Room temp around 68 to start, closer to 62 for the next 36 hours. Up to 66 during the 3rd day, blowoff started, beautiful chocolate aroma.

Fermentation seems to be starting after 14 hours.

3/28/07 Up to 75 ambient for a few hours in the day. Krausen dropped, so I took a sample. Already down to 1.035 (66% AA), basically where I want it. Still really yeasty, but already showing good tasting signs.

3/29/07 Warm through the day and cool again at night.

3/31/07 Transferred to secondary down to 1.032 (69% AA, 9.5% ABV) with 2 oz (after soaking, the total weight of 2 oz went to 3.25) of the heavy toast American oak that has been in Makers Mark for a couple of weeks.

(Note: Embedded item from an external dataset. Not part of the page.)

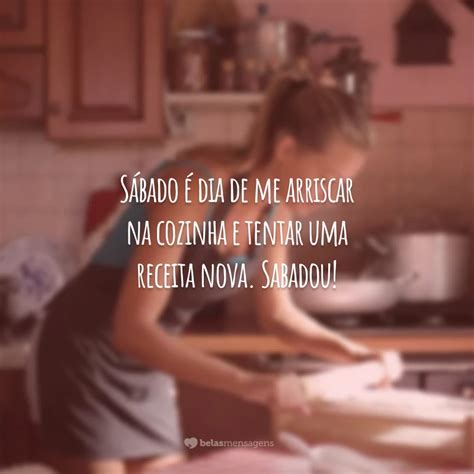 50 frases de sabadou para curtir o primeiro dia do esperado "finde"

Flavor is actually not bad, toasty with lots of chocolate, this one should be killer if the flavor doesn't come out muddy.

4/13/07 1.75 oz of corn sugar for 2.15 volumes of CO2

7/06/07 Carbonation is still pretty minimal, but the beer is fantastic. Already has an aged dried fruit character and the light vanilla note from the oak/bourbon is perfect. Can't wait to see how this one is going next winter.

10/01/07 Tasting

12/26/08 Added some dried champagne yeast to try to get this one to carbonate

3/09/09 Finally carbonated, it really helps to temper the sweetness.

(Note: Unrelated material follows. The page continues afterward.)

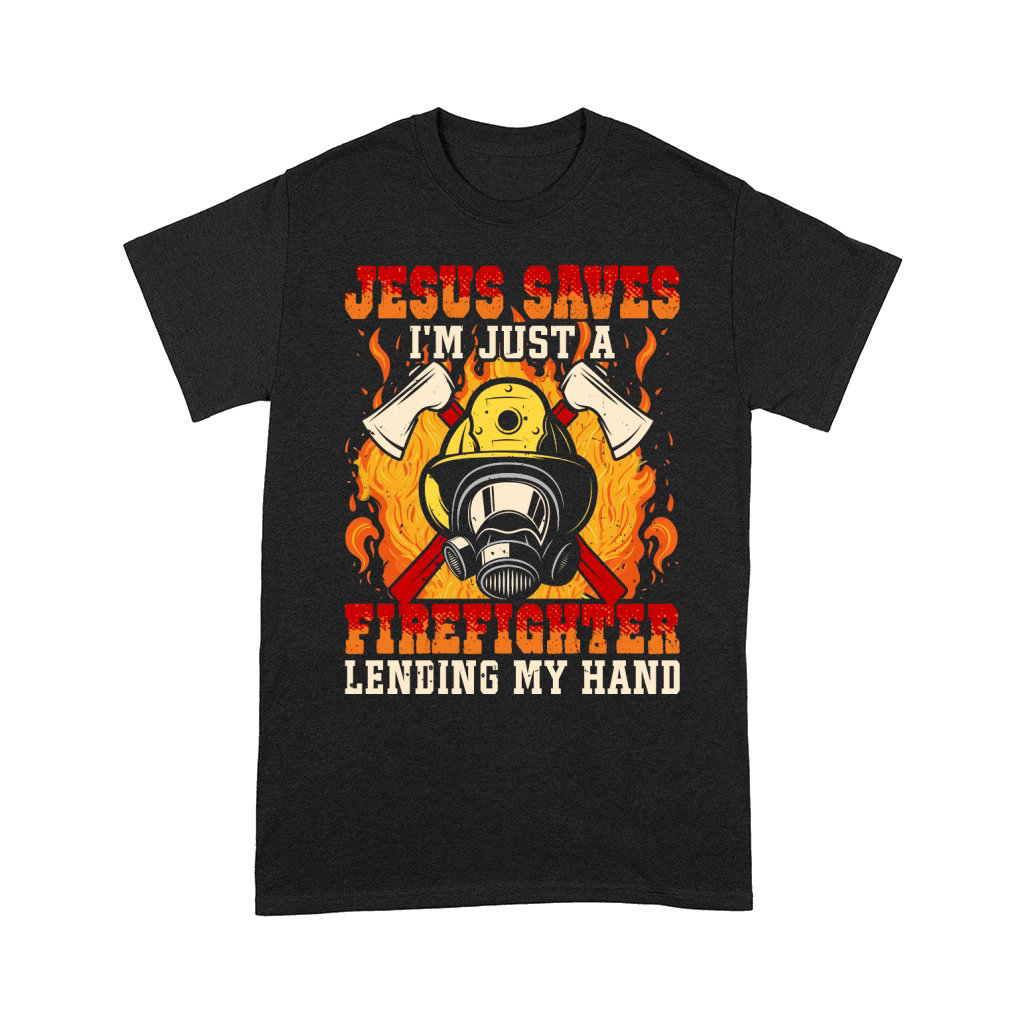 Jesus Saves Im just a Firefighter lending my hand Comfort T-shirt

6/8/10 Final tasting, still doing well, but this bottle was uncarbonated.

2/4/20 Scaled up and tweaked version brewed as Sapwood Cellars Graveyard of Forgotten Gods
Based on:
Ølfabrikken Porter, Närke Kaggen Stormaktsporter, Nøgne Ø Porter, etc...

Components by Extract:
62% basemalt (MO + Munich + Dark Munich)
11% crystal malt (CaraVienna + CaraMunich + CaraAroma)
11% specialty ( Flaked Rye + Brown)
9% roasted (Black Roasted Barley + Black Patent + Chocolate Rye + Chocolate)
7% Honey (Greek Heather Honey)

Ideally it should have been on the oak in secondary for 75 days.


Anuj said...
This comment has been removed by the author.
Norman said...

How many days did you leave this beer in secondary fermenter? You mentioned 75 as a better number, plan to copy this recipe next month.

The Mad Fermentationist (Mike) said...

This one was in secondary for just two weeks. Not sure where I came up with 75 days, but longer would have been nice for more oak/spirit character. Age to taste, and add extra bourbon at bottling if it needs it.

Norman said...

Did you just add the oak cubes to secondary or the cubes and the whisky if there was some rhat was not absorbed? Love your blog and really look forward to brewing the heavy weight beer soon.

The Mad Fermentationist (Mike) said...

Just the cubes into the beer, I left the remaining spirit behind. You can save it to add if you need more oak character after aging.